Come già rilevato, Contardi ha dimostrato con questo libro di avere talento, specialmente nella descrizione di un universo plumbeo e malinconico, perso in un tempo senza tempo. La Marsiglia che fa da cornice alla vicenda ha tratti metafisici, sembra essere stata progettata da De Chirico. Una città stretta tra il mare e il cielo, dove un'umanità cupa e melanconica trascorre le proprie giornate nei caffè, negli alberghetti, nei locali notturni semivuoti, alla ricerca di un contatto umano che dia il senso della propria esistenza.
«Era all'incirca come l'aveva immaginata, quel genere di viso che gli era sempre piaciuto. Dolce, malinconico, immerso nei pensieri. Un viso serio e bellissimo, pieno di misteri. Da fare sognare un incontro tutto diverso, magari sotto la pensilina di una stazione deserta in una domenica di pioggia. Nell'ora in cui la gente si lascia scivolare negli angoli, travolta dalla malinconia e dalla noia, oppure butta qualcosa in una valigia, riempie di miglio la gabbia del canarino e parte per posti molto lontani. Nell'ora in cui non si ha niente da dire e tante cose da ricordare. In un'ora qualunque insomma.»

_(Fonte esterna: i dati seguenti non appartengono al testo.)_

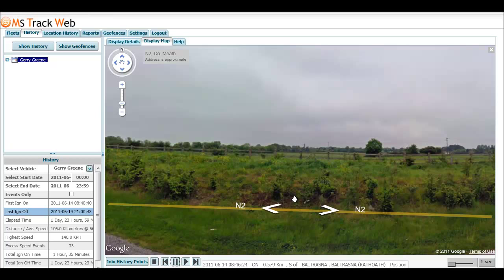So that's a good extra feature for MSTrack Web: the ability to use Google Street View if you are using the Google Maps option of the mapping software.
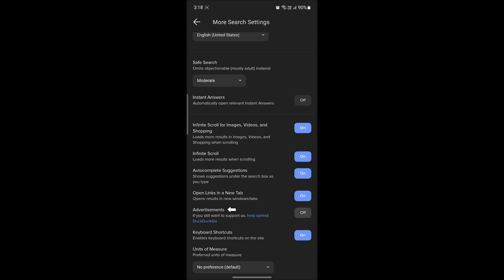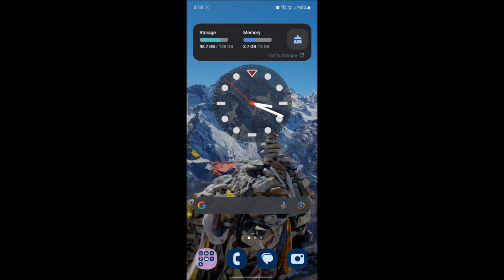You will no longer be seeing any type of DuckDuckGo ads on your browser.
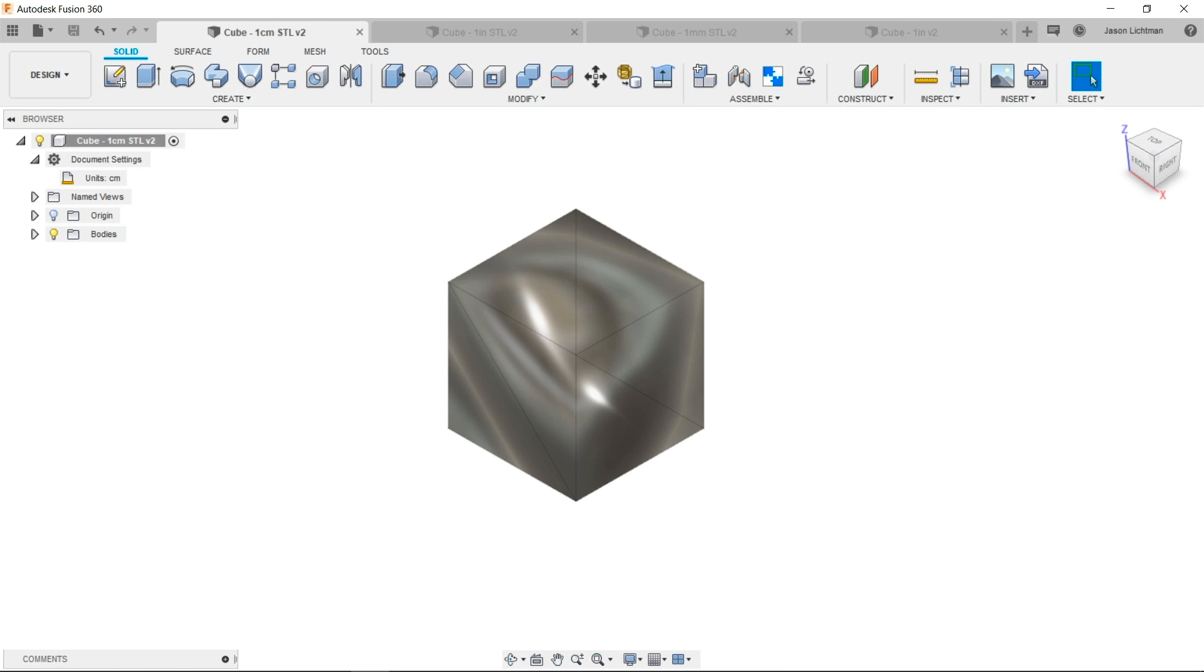Hello and welcome to today's Fusion 360 Quick Tip. Today's Quick Tip is going to cover best practices for importing mesh data into Fusion.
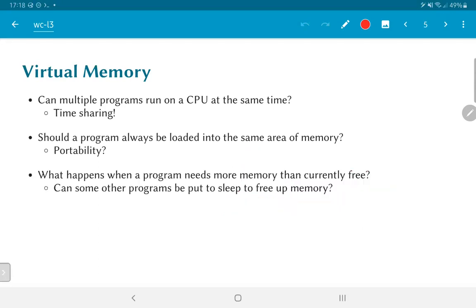Another related question is what happens when a program needs more memory than is currently free in the system. Does it mean the program should stop or be killed, or can some mechanism be used to find out whether other programs are using memory but currently sleeping? Perhaps they are waiting for data or are background processes that wake up once per hour. Perhaps some of their memory can be freed up by saving it to a slower but larger memory block — going all the way out to disk.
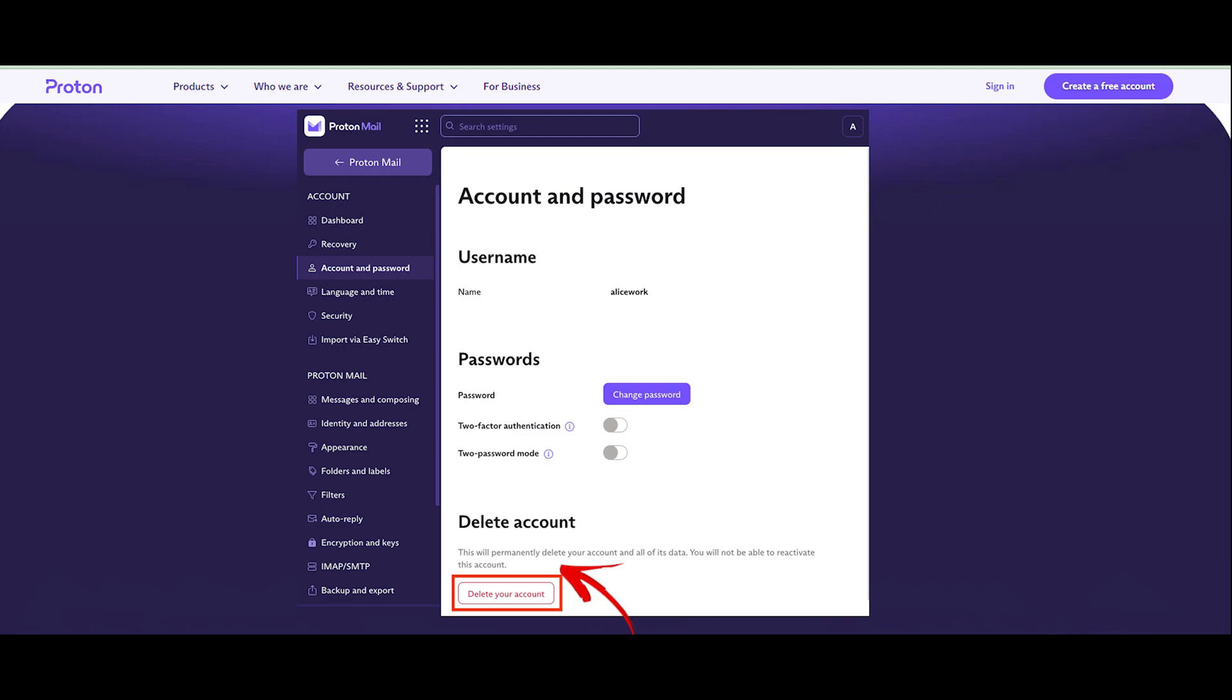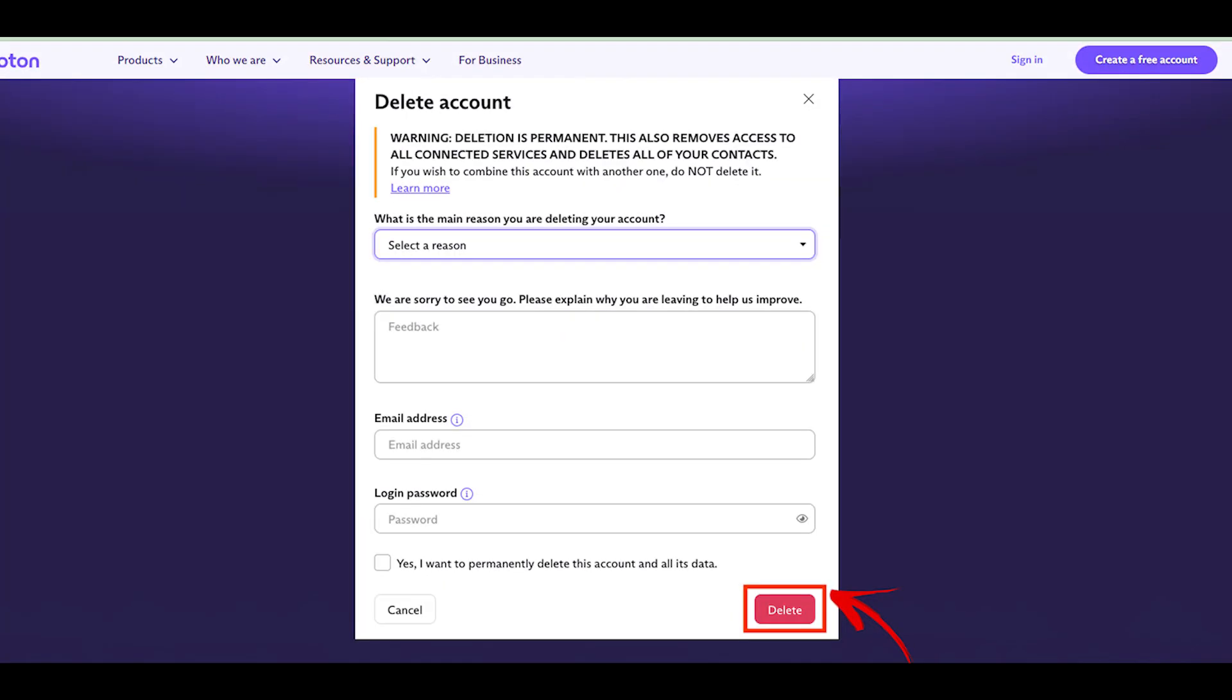Delete account now. Tap on the delete account button. Provide a justified reason for deleting the account, then confirm your ProtonMail account username and password as part of security authentication.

Navi di carta presenta al lettore un doppio enigma: quello della lettera e quello dell'autore. Contardi ha attraversato la nostra storia letteraria lasciando flebili tracce. I pochi commentatori che su internet hanno scritto qualcosa su questo libro l'hanno acquistato di solito su una bancarella dell'usato, sono stati attirati dalla quarta di copertina e hanno infine scoperto un piccolo gioiello dimenticato della nostra letteratura. E un autore, voglio aggiungere, che avrebbe meritato maggiore visibilità.